Adam Clayton: "U2 owe the showbands an enormous debt"

November 27, 2024
Adam Clayton: "U2 owe the showbands an enormous debt"

Adam Clayton says that U2 owe a huge debt to Ireland's showbands and dismissed any lingering snobbery about the era as "ridiculous".

Clayton, who has been a member of U2 for nearly fifty years, is presenting Ballroom Blitz, a new two-part series in which he charts the rise and fall of hugely popular Irish acts such as The Clipper Carlton, Dickie Rock, and The Miami Showband.

Dickie Rock and The Miami Showband in 1964

"Less than 10 years after Irish independence, these bands were traveling the country and people were getting out and dancing. It was the social media of the day. This was how people met their partners, their wives, possibly lovers . . . that's if there was sex going on in the country before TV. I don't know."

Ballroom Blitz is a bit of a personal journey for Clayton. The showband acts played an integral role in the development of an Irish music industry that today is a global success, something that was unimaginable when U2 began their own career.

Linda Martin with Adam

The series explores the phenomenon of the Irish showbands who provided the mood music as Ireland went through huge social change and economic growth in the 1960s.

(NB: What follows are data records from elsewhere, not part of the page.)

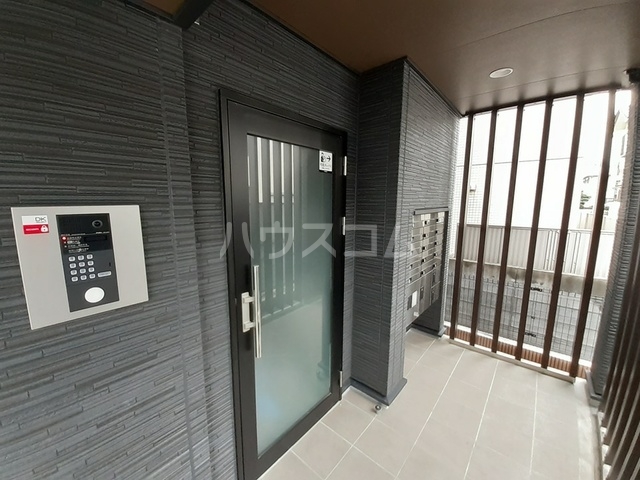 2/8 エントランス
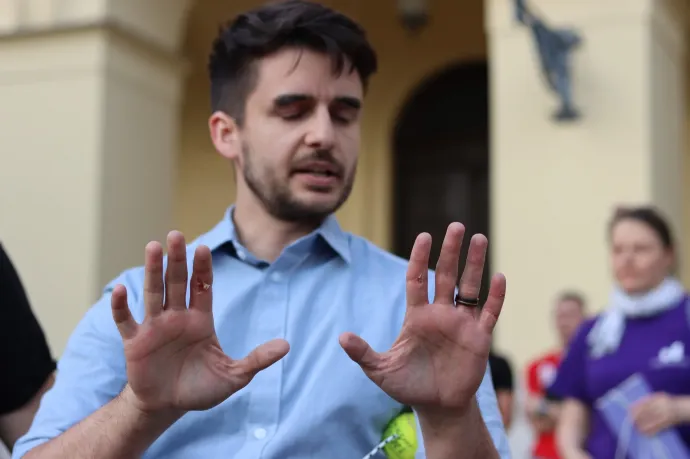 Ki akarta tépni Tompos Márton kezéből a szivárványos zászlót egy debreceni férfi, a bőr is lejött a Momentum elnökének ujjáról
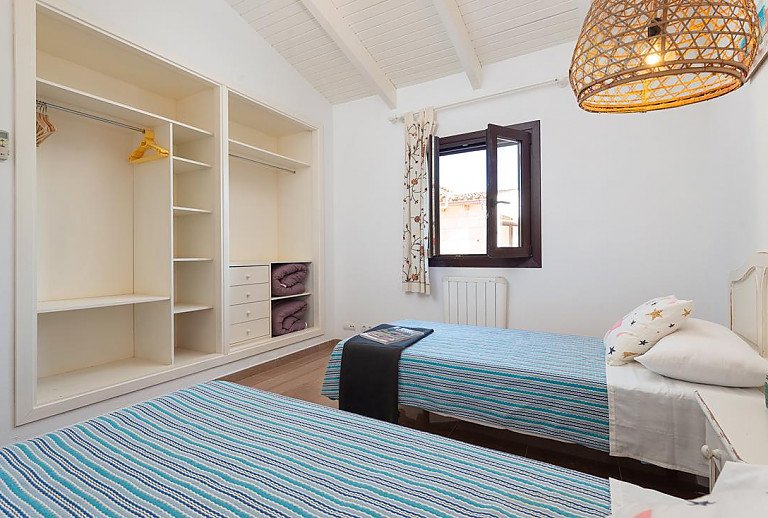 Schlafzimmer mit Einzelbetten und Kleiderschrank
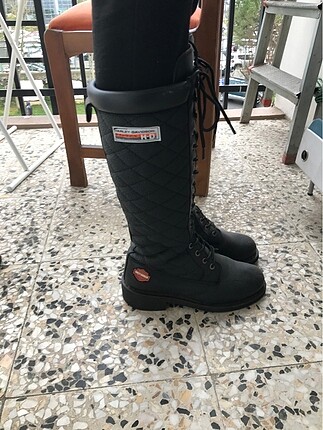 Siyah bağcıklı harley davidson çizme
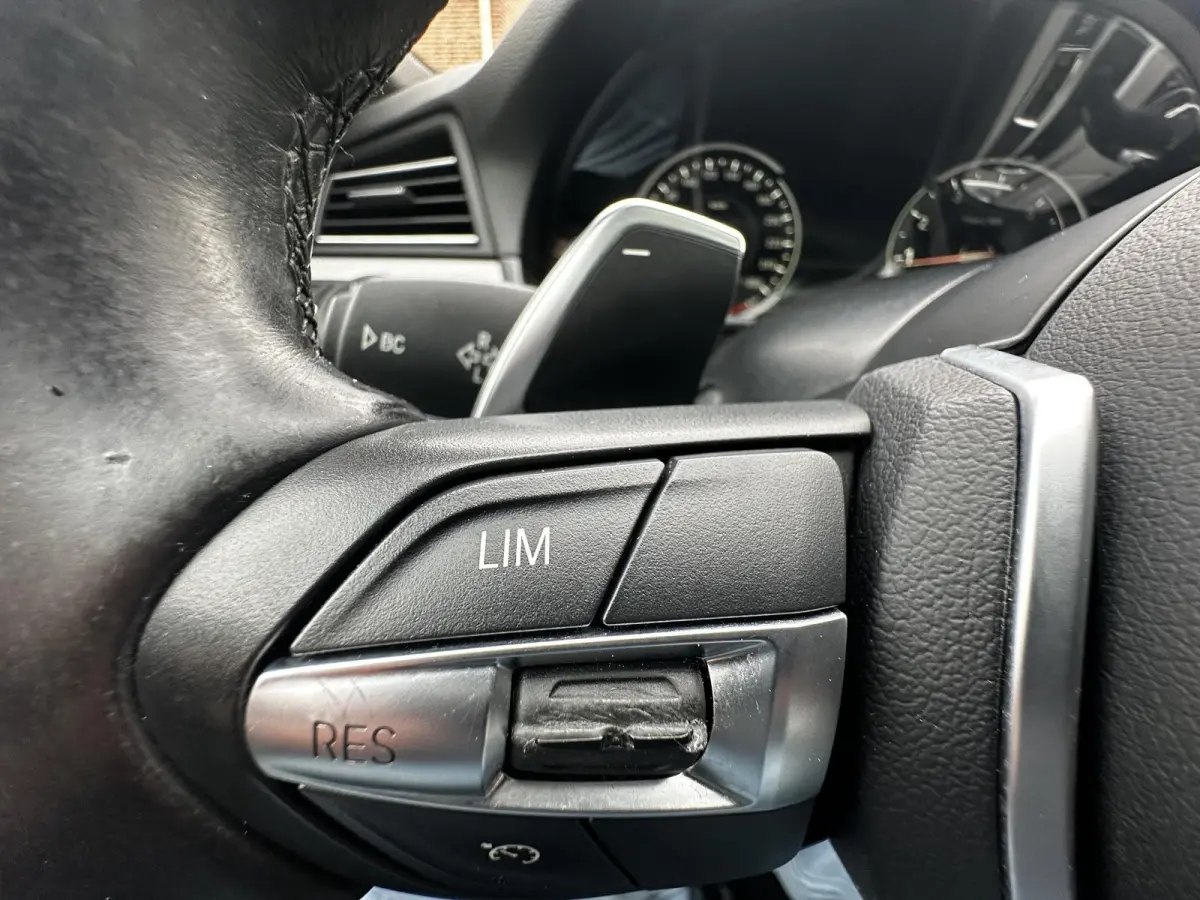 520i M-Sport NL Auto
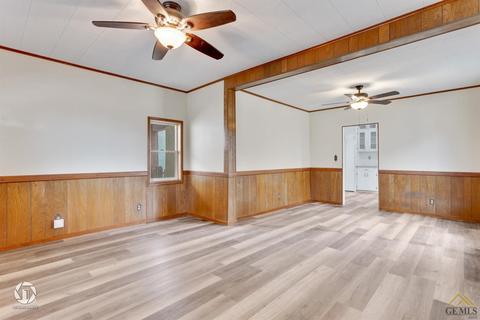 118 W E St, Tehachapi, CA 93561 photo 8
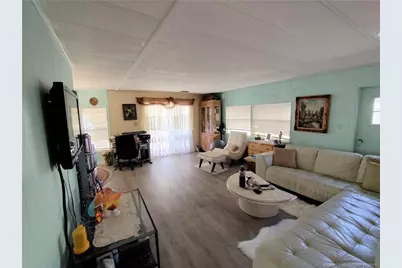 195 SE Trafalgar Terrace, Stuart, FL 34994 - Photo 4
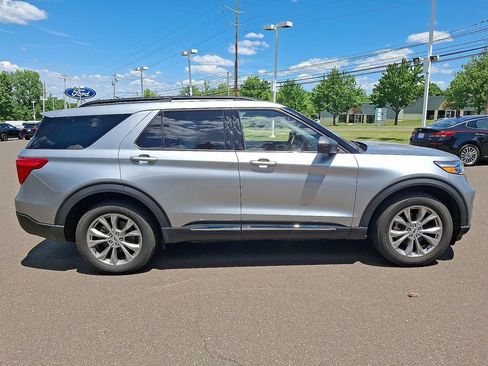 Used 2023 Ford Explorer XLT w/ Equipment Group 202A AWD/4WD image 7
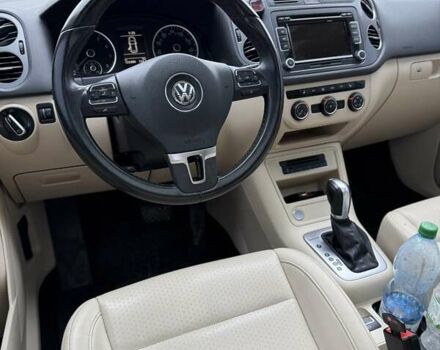 Белый Фольксваген Тигуан, объемом двигателя 2.01 л и пробегом 122 тыс. км за 12300 $, фото 17 на Automoto.ua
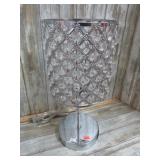 TABLE LAMP W/ OUTLET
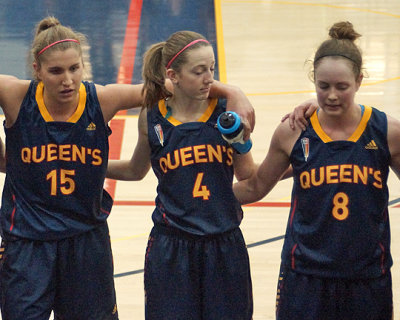 Queen's vs Algoma 06795 copy.jpg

"It was an amazing time in Irish history," Clayton says. "Car and tractor ownership was on the increase so you could actually get from different parts of the country to these ballrooms, to these dances, and meet people that you would never have met before.

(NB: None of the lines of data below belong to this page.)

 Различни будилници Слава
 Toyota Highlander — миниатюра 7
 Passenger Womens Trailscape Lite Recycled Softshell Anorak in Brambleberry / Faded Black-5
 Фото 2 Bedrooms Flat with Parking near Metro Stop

"So, it was a great time for social movement as much as anything else, and these bands were filled with great musicians.

Brendan Bowyer

"They used to listen to the US Forces radio to get a lot of the American hits and Motown type music to play, and they also used to listen to radio Luxembourg to get the UK chart hits."

Sixty years before U2 played their own Las Vegas residency at the Sphere, Irish showbands entertained American audiences during sold-out residencies in Vegas and also packed out Irish ballrooms in New York, Boston and Chicago.

Even though future stars like Van Morrison and Rory Gallagher plied their trade in Irish showbands, some critics saw them as merely 'human jukeboxes’.

Paul Brady and Adam

Asked if he thinks that there was always degree of snobbery around showbands from some people, Clayton says, "I think there is, and it may have been created by our generation, and I'm not pointing the finger at Bob Geldof at all.

"But I think the generation that comes after a successful generation is always going to argue that what they're doing is better than what's come before, and I understand that. And I know that Bob is not going to move from that position come hell or high water.

"But it was kind of kind of glorious. Some of the characters are still alive, and they spoke to me, and we had very frank interviews, and they did amazing things. To criticise them for playing cover versions is ridiculous, because all bands from the forties onwards were playing songs written by somebody else and reading it off sheet music."

Derek Dean of The Freshmen with Adam

Long before international touring acts even bothered to play shows in Ireland, the showbands were the soundtrack of their youth for countless Irish people.

"It was the sixties, and that was a great time of change," says Clayton. "We in Ireland didn't mirror exactly what was happening in America, or what was happening in swinging London but girls and men were conscious of how they looked, and they were conscious of fashions.

"A lot of the women that I spoke to for Ballroom Blitz from those days said they’d look at the fashions from London and would cut and stitch their own clothes to suit the fashions of the day and take them out to the dance that night, and it was fun. It was the craic! We were expressing ourselves."